#### What you need to do
Once you find the line below that has "Poster of Priyanka", output it and every line after it exactly, stopping after the line that has "Reflecting by ocean", with no pictures.

#### Recorded information
● ● ● ●
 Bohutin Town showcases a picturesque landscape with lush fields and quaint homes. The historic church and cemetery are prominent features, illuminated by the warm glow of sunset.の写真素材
● ● ● ●
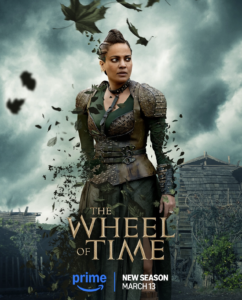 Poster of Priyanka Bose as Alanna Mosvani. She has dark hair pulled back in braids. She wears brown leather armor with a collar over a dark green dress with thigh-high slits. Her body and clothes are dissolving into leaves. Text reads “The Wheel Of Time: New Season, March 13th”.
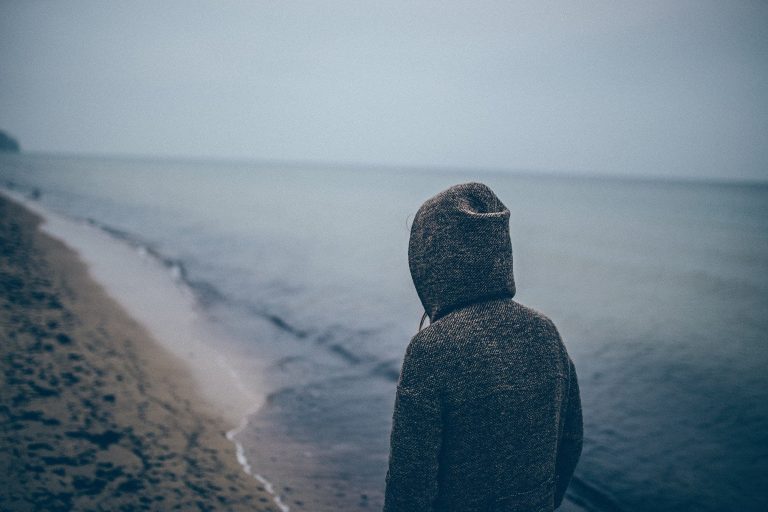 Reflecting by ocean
● ● ● ●
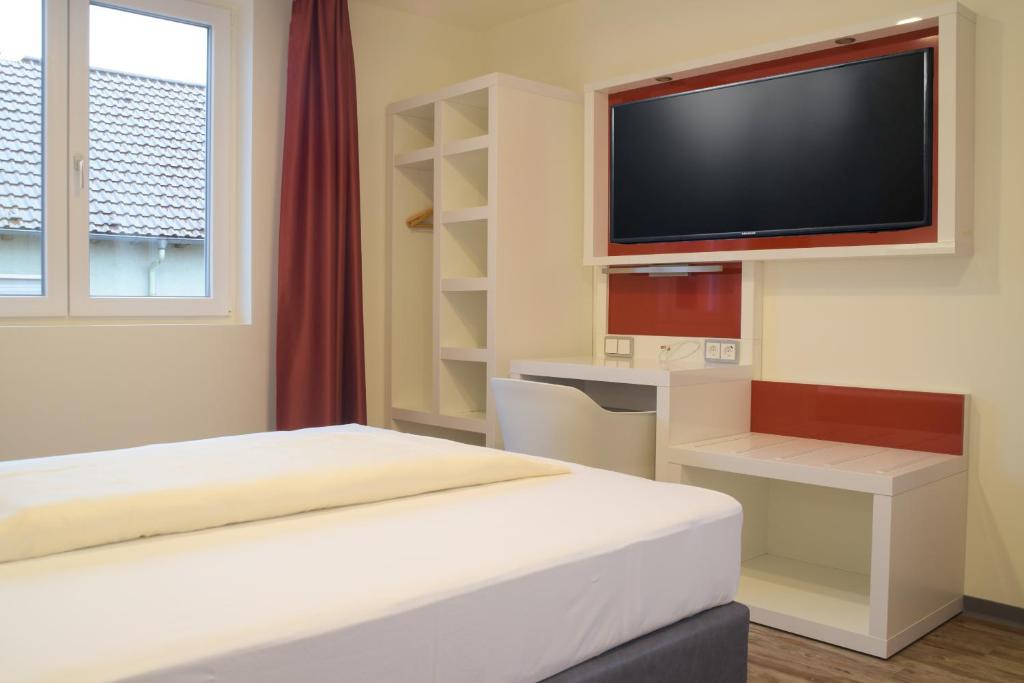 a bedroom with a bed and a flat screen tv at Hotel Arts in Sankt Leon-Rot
● ● ● ●
#### Your solution
 Poster of Priyanka Bose as Alanna Mosvani. She has dark hair pulled back in braids. She wears brown leather armor with a collar over a dark green dress with thigh-high slits. Her body and clothes are dissolving into leaves. Text reads “The Wheel Of Time: New Season, March 13th”.
 Reflecting by ocean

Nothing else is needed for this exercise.